S4M was started last winter by former members of the now-defunct Students First Party, which was the dominant MSA party when it was dissolved. Like Students First, S4M aims to include representatives of a diverse array of campus groups and communities. The party does not have a strict ideology, but includes members of liberal as well as conservative groups.

Nowinski said the biggest problem with S4M lies in the fact that “S4M doesn’t have a platform – as a group, it doesn’t stand for anything specific.”

“It doesn’t have a clear vision,” he said. “It stands for being elected.”

Both Nowinski and Radina said they hope to avoid this issue in their own parties by forming distinct party platforms.

Although officially nonpartisan now, MSA President Jesse Levine said he previously chose to be a part of S4M because the party is composed of many “student leaders who represented many different ideologies but who all had the common goal of making campus better.”

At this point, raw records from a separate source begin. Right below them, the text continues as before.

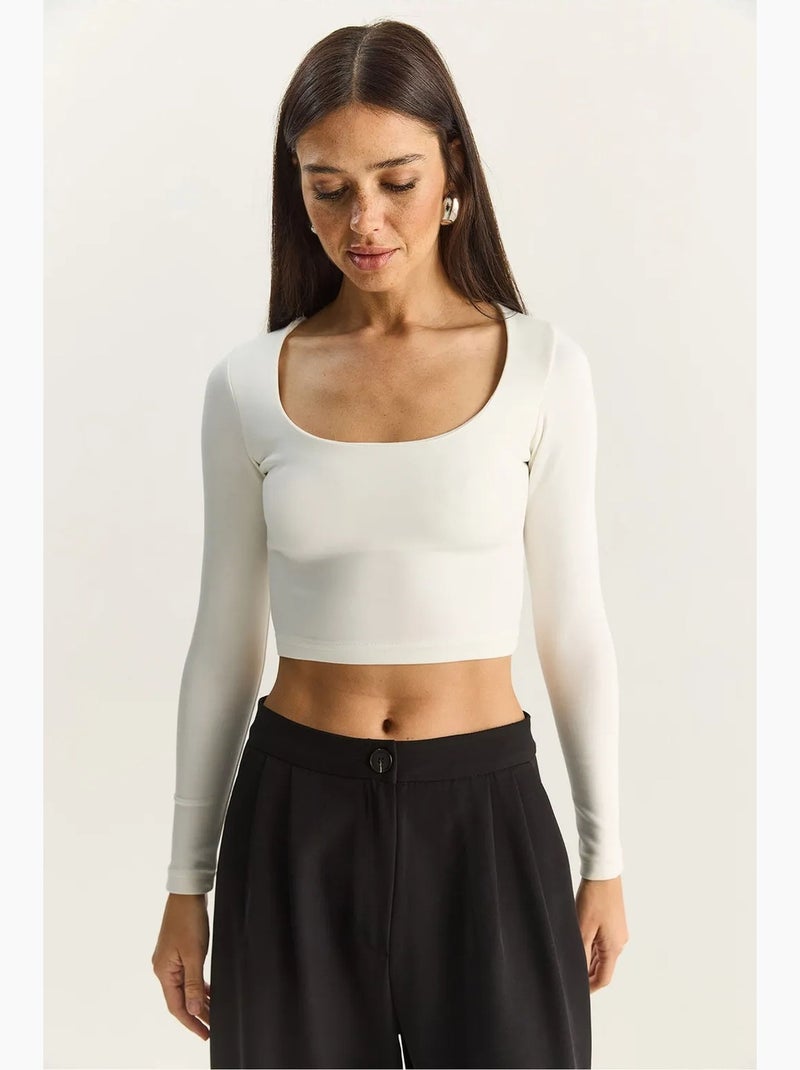 T-shirt manches longues basique court lucci Blanc - Kiabi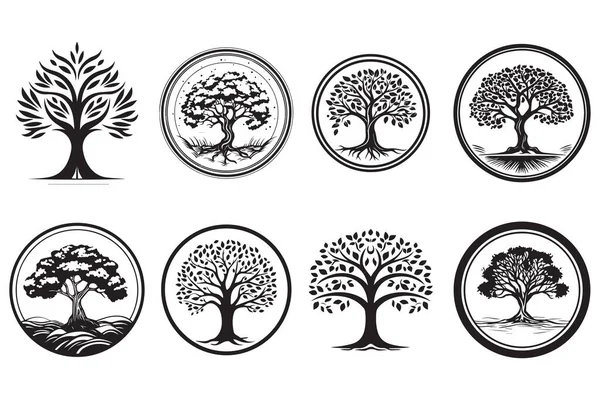 Hand Drawn Vintage Tree Logo Flat Style Isolated Background — Stock Vector
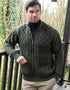 Aran Crafts Dingle Zipper Sweater | Green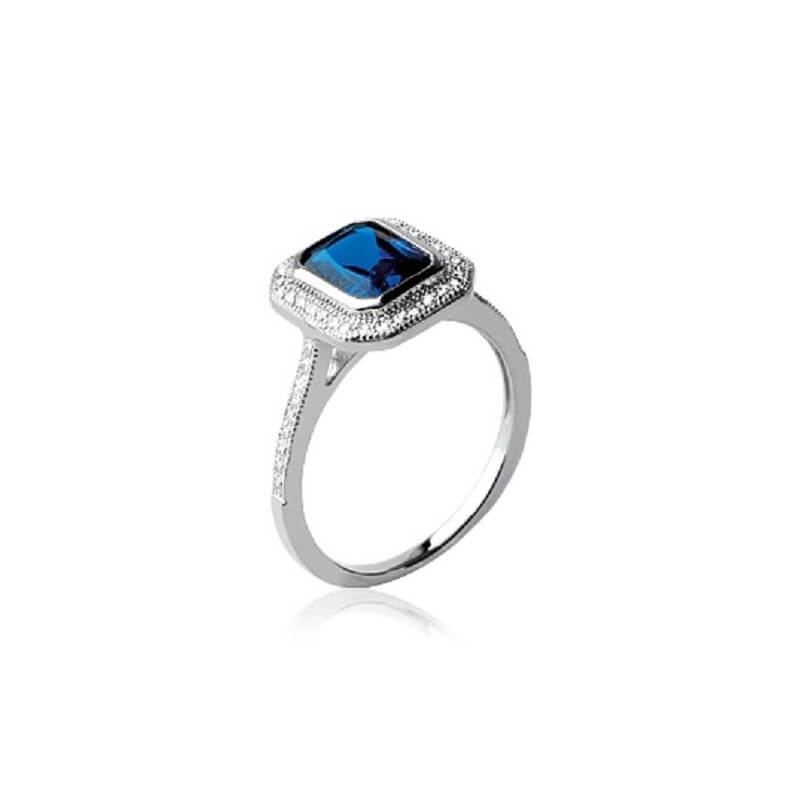 Bague Pavé CZ Saphir  ZIRCONIUM  Argent Massif 925/1000 Bijoux NEUF  CHOIX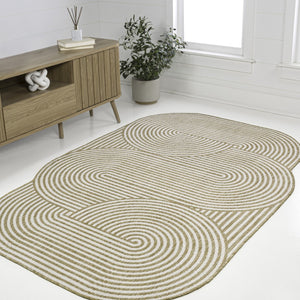 HomeRoots 8' X 10' Cream and Natural Abstract Rug - Stylish, Durable, Easy-Care Area Rug for Indoor/Outdoor Use 704872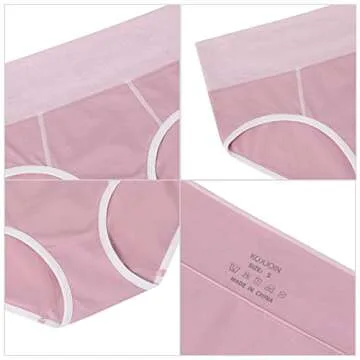 KOJOOIN Women's High Waist Cotton Athletic Underwear in 3-Pack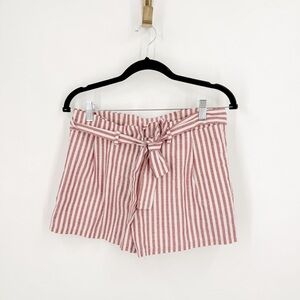 White and Red High Waist Striped Shorts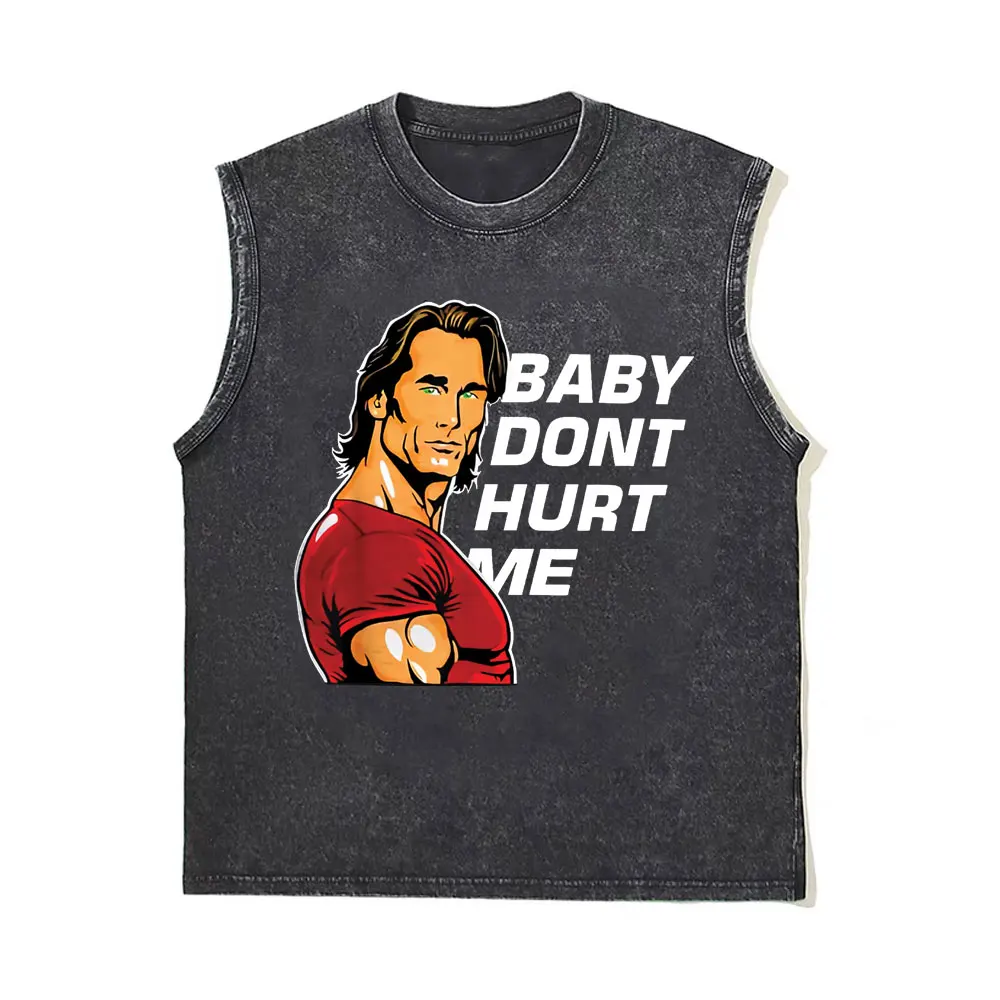 

Washed Vintage Funny Baby Don't Hurt Me Meme Tank Tops T Shirt Men Gym Fitness Lovers Tshirt Male Cotton Oversized Vest T-shirt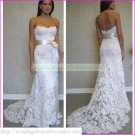 Free Shipping  Strapless White Lace Silver Belt Bridal Gown Beaded A-line Wedding Dress L16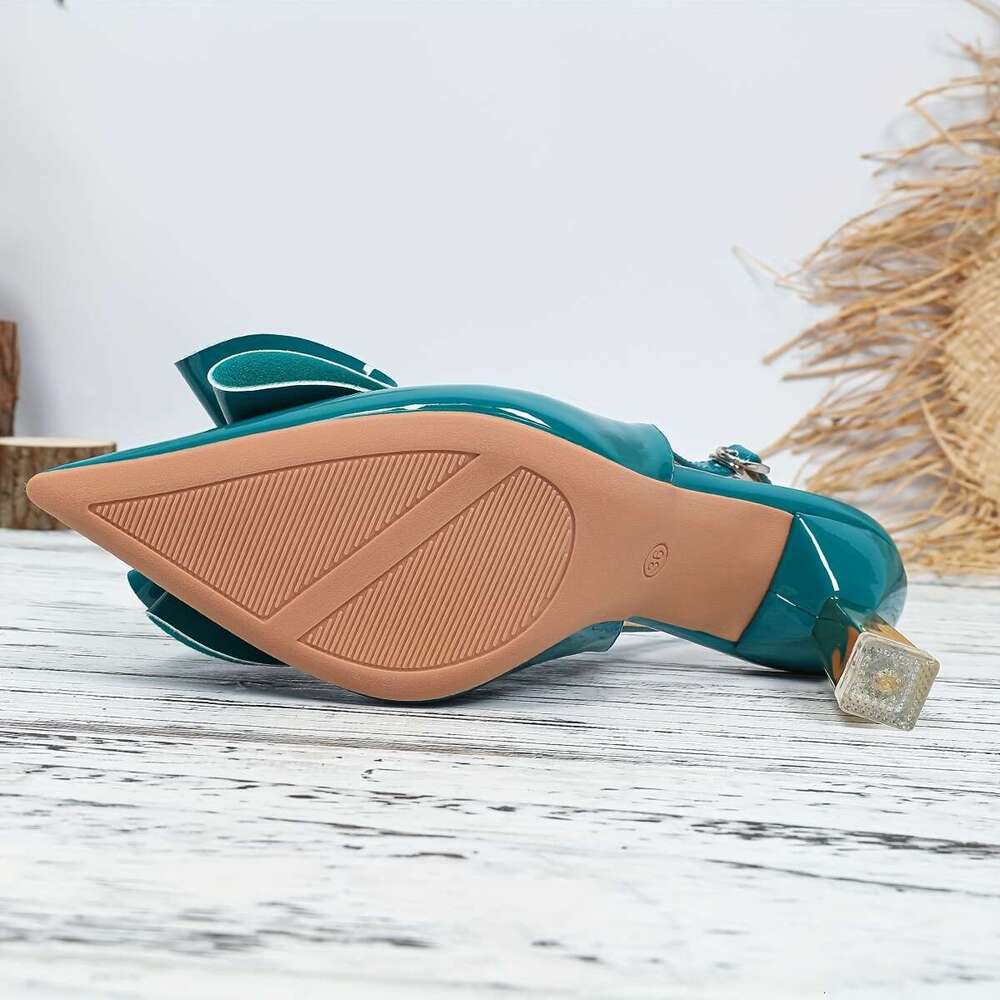 Single Shoes Are Comfortable Lightweight With Elegant Trumpet Flower Pointed Tips And Summer Shallow Mouth Heels MOJIDASHU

“We don’t need parties with strict ideological divisions,” Levine said. “Students need leaders that will represent them well.”

As far as student interest is concerned, Milstein, the LSA senior who was skeptical about MSA, said: “If you add new parties with new ideas that are interested in connecting with students, it will help.”

Clark Ruper, an LSA sophomore and vice chair of Young Americans for Freedom, has also expressed interest in forming a new party. The Abolish MSA Spending Party would run on the platform of “decreasing funding and controlling spending with the end goal of eliminating MSA discretionary spending,” Ruper wrote in a letter to the Daily. Ruper could not be reached for comment.